• Global Markets Finally Follow Asia’s Lead on Covid-19

    The coronavirus has finally infected global markets over the last two weeks. It’s taken a while to fester. But the outbreak has now spread from China’s CSI 300 to Asian, European and, finally, U.S. stocks.

    I’ve been warning since Jan. 21 that a mystery SARS-like disease was hitting China, and likely to spread globally.

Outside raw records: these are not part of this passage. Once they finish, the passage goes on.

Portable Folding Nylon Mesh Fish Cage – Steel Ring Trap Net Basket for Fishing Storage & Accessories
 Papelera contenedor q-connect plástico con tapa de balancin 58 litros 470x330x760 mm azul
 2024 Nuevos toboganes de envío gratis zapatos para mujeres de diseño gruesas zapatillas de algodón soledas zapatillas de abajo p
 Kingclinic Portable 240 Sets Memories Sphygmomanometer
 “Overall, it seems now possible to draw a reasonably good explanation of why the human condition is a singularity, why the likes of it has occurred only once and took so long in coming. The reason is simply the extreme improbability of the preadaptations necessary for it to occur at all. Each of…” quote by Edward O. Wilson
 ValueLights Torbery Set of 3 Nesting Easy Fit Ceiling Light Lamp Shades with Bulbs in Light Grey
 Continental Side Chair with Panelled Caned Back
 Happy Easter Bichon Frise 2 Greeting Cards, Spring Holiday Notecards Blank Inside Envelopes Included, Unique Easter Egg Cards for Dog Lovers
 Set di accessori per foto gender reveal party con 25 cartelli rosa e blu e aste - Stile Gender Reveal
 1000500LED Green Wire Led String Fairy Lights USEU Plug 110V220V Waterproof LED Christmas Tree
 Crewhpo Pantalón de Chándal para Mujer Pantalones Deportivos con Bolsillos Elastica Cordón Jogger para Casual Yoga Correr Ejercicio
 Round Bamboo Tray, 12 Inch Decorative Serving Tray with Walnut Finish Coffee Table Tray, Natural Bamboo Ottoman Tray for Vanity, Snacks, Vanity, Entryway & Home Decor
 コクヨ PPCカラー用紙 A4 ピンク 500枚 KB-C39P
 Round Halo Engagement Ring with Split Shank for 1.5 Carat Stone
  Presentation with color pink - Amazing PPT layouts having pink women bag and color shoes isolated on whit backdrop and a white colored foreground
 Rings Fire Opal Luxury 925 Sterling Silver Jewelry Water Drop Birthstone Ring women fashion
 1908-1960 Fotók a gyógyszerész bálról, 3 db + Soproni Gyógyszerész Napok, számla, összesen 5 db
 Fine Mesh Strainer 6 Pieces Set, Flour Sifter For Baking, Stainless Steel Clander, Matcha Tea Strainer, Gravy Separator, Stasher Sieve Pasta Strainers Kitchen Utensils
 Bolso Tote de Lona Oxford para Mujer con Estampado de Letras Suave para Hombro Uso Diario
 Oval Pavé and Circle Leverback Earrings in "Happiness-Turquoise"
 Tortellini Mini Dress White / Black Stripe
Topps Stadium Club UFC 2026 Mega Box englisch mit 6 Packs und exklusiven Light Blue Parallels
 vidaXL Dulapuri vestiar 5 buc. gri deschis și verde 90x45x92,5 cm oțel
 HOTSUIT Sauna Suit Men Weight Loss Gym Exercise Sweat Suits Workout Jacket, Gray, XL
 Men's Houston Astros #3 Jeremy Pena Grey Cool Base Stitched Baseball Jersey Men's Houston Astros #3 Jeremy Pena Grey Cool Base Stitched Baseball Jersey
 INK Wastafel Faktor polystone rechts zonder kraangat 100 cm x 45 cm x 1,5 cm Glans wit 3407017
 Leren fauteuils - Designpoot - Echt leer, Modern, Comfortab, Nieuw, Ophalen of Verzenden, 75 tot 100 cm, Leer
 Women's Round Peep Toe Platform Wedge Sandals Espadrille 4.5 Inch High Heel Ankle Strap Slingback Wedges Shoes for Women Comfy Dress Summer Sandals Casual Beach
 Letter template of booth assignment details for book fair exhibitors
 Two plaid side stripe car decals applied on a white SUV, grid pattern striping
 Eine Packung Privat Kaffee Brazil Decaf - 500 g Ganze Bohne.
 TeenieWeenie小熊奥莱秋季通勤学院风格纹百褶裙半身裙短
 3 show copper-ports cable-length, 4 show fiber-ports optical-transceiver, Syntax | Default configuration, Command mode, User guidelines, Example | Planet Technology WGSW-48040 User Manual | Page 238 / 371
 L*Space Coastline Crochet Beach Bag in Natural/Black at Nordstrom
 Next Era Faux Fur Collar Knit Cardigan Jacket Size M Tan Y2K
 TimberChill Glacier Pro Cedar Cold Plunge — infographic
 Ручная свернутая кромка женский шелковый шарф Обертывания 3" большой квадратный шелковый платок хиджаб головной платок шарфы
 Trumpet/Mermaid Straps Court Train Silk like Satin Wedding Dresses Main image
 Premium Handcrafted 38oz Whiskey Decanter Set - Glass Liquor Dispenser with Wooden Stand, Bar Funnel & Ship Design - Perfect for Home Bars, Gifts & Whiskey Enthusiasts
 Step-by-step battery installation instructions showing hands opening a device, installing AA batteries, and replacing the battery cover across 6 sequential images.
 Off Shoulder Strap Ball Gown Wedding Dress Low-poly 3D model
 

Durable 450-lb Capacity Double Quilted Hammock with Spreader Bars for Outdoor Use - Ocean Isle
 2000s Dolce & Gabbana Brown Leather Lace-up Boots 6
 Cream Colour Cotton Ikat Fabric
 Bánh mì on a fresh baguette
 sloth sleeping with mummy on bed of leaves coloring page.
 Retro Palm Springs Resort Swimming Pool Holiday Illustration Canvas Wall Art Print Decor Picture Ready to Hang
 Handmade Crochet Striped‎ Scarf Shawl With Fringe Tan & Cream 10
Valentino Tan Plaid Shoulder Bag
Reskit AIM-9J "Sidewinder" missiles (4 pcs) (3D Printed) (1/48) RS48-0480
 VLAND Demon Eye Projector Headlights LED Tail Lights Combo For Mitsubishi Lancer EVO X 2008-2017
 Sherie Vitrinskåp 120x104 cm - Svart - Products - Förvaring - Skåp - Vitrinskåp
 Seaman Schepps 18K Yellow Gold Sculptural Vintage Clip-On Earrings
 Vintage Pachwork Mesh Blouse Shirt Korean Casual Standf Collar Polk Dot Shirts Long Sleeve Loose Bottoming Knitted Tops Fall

The World Health Organization was due to meet the next day to decide if the outbreak is a “public health emergency of international concern.” I pre-empted that the answer is “Yes.”

    The WHO ruled “No.” The Wuhan coronavirus is an emergency only for China, the global health body ruled on Jan. 22. How wrong they were.

    Investors worldwide have had more than a month to prepare for this week’s selloff on global markets. Even while car factories in South Korea, Japan and Serbia were shuttered because they couldn’t get parts, U.S. stocks climbed toward all-time highs. Now the reality of worldwide manufacturing pain is sinking in.

    Jaguar Land Rover’s CEO, Ralph Speth, expects the company to run out of some parts shortly. The British carmaker, a Tata Motors (TTM) subsidiary, says it has “flown parts in suitcases from China to the U.K.”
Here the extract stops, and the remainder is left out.